Berlino 1936, proteste e boicottaggi ma l’Olimpiade deve farsi

Dopo le Leggi di Norimberga si iniziò a parlare di Nazi-Olympic. Il Partito Nazionalsocialista organizza tutto a puntino, ma gli Stati Uniti rovinano la festa perfetta

Il video di Stripped dei Rammstein è accompagnato dalle immagini di Olympia di Leni Riefenstahl

[Fuori le mura, 26 marzo 2012]

I giochi olimpici giungono finalmente a Berlino. È il 4 luglio 1912 e il CIO assegna la VI edizione dei Giochi alla capitale tedesca, dopo una prima candidatura nel 1909 respinta a causa di inadeguatezza economica. Purtroppo, la fiaccola olimpica non giungerà mai all’accensione del braciere. Sarà lo stesso de Coubertin, arruolato al fronte, ad inviare nel marzo del 1916 una lettera a Victor von Podbielski, Presidente del Comitato Organizzatore, in cui dichiarava l’annullamento dei giochi a causa della guerra.

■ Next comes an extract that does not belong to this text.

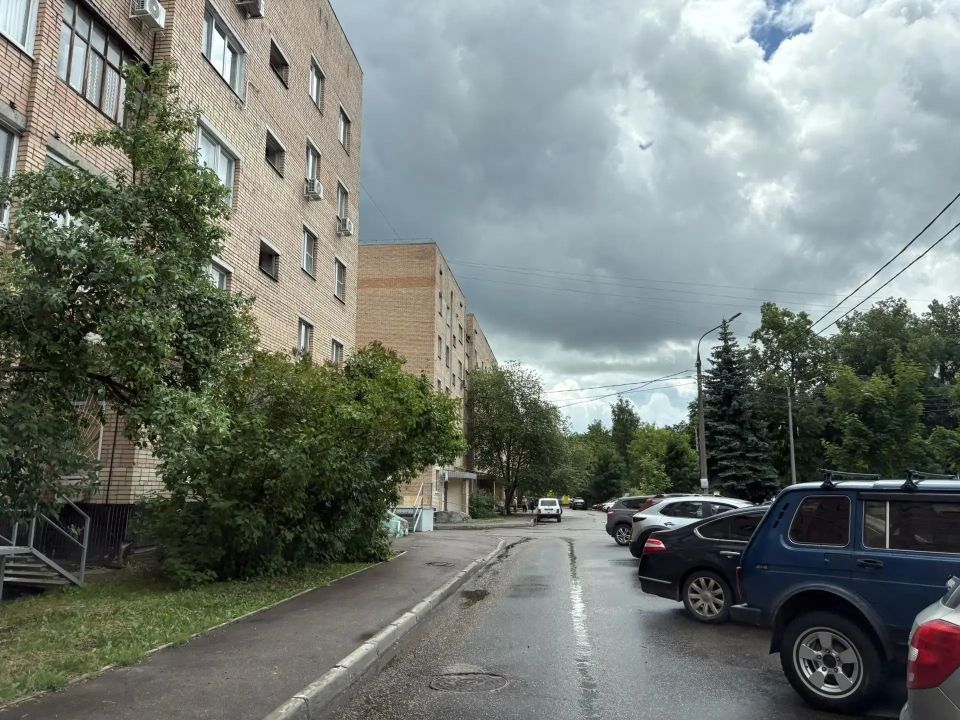 Новый объезд — новые задачи: в Ступино продолжается мониторинг состояния территорий Новый объезд — новые задачи: в Ступино продолжается мониторинг состояния территорий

Terminato il conflitto, la Germania è costretta a pagare un oneroso risarcimento alle Nazioni vincitrici. Dopo una breve ripresa economica, dovuta ad un asse commerciale tedesco-russo e al piano statunitense Dowes, la grande crisi del 1929 piega nuovamente lo stato tedesco. La produzione industriale cala del 50% e la disoccupazione si allarga a circa sei milioni di lavoratori.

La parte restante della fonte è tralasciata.